> [AIM OF THE TASK] Check every line below, and copy those that include "pour".
**** DATA SHOWN
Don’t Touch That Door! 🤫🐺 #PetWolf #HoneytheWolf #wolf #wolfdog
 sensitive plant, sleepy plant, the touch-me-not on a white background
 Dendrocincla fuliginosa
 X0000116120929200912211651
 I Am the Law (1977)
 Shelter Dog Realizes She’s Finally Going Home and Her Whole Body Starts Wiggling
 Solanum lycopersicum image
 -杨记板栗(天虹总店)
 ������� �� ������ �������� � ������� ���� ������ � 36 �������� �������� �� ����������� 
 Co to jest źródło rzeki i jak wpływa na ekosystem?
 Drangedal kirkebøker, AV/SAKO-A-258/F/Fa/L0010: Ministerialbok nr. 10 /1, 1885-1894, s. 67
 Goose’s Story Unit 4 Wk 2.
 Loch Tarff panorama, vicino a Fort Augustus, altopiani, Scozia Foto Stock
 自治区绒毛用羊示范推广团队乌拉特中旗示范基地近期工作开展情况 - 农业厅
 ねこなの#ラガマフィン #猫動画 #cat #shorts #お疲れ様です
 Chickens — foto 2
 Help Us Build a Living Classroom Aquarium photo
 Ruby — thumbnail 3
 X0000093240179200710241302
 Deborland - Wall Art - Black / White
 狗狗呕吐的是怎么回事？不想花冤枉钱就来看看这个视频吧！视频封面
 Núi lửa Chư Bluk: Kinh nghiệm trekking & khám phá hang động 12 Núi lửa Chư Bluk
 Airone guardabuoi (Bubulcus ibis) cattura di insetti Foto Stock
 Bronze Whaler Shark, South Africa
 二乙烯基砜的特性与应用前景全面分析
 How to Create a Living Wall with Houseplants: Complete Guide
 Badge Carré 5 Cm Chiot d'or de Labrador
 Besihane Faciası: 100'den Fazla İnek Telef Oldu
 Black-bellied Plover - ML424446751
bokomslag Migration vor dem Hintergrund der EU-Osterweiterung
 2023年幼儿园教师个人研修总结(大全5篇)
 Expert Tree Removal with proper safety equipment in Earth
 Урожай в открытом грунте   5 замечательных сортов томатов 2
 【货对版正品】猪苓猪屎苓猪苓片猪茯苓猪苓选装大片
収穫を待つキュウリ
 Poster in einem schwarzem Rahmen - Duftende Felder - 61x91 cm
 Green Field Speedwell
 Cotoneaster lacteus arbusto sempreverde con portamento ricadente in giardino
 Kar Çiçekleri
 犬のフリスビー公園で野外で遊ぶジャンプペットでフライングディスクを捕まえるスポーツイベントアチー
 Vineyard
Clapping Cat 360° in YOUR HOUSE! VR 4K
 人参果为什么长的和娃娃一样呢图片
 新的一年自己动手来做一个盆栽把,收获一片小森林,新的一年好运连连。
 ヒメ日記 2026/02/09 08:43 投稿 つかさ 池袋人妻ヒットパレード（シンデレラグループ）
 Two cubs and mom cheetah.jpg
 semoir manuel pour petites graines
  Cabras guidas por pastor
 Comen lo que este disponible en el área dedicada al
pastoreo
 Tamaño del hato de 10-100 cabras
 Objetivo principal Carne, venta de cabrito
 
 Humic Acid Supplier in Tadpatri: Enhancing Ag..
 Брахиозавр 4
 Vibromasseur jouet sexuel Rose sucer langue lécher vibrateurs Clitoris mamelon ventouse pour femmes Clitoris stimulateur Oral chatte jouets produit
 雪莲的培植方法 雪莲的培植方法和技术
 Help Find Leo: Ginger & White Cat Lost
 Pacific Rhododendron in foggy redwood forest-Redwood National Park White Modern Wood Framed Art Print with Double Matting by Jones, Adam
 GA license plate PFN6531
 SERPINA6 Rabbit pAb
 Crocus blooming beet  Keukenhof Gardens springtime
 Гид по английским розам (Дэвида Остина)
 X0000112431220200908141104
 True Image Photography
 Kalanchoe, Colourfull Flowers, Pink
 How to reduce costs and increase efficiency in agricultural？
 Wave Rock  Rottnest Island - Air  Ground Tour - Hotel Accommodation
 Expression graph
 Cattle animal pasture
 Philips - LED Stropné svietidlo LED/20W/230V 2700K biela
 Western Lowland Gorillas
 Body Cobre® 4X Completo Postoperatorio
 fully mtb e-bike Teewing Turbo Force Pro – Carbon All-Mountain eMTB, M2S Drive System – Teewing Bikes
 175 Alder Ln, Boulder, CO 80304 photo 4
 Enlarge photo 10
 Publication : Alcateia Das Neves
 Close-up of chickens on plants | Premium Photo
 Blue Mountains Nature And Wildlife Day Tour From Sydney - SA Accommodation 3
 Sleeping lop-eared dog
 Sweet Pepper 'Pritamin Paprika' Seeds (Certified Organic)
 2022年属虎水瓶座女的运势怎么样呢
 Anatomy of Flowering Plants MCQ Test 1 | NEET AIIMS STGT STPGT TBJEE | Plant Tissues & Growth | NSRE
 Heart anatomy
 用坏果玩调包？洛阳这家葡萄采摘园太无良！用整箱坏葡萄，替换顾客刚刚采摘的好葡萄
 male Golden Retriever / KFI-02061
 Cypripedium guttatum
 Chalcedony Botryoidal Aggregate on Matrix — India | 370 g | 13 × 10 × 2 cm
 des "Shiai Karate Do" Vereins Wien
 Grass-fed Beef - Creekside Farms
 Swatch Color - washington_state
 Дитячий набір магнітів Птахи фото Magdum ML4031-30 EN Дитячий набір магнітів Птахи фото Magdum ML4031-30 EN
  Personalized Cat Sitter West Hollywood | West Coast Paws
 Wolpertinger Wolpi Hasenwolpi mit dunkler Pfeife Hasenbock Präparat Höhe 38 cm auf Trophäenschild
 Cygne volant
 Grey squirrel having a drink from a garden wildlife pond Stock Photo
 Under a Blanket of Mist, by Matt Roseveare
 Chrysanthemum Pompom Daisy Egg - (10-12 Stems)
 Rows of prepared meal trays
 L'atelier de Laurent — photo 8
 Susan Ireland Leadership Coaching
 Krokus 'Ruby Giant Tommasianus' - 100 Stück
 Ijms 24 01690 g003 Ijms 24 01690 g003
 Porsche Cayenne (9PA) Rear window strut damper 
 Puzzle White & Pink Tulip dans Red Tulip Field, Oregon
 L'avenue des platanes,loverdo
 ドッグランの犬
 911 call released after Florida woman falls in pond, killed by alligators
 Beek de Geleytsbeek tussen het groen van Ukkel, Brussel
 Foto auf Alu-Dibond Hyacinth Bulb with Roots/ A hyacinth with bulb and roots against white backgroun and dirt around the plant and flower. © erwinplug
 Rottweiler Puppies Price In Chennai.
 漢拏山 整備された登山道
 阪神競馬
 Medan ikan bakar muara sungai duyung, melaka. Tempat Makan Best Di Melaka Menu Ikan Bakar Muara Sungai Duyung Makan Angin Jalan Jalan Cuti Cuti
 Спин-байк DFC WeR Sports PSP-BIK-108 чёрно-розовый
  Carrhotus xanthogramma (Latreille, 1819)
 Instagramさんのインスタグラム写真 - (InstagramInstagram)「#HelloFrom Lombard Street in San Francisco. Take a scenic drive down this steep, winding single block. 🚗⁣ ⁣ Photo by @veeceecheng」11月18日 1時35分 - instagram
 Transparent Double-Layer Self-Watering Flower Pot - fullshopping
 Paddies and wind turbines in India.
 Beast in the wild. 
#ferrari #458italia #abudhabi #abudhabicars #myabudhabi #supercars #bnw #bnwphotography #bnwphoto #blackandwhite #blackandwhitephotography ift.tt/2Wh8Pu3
********
> [EXERCISE ANSWER]
 semoir manuel pour petites graines
 Vibromasseur jouet sexuel Rose sucer langue lécher vibrateurs Clitoris mamelon ventouse pour femmes Clitoris stimulateur Oral chatte jouets produit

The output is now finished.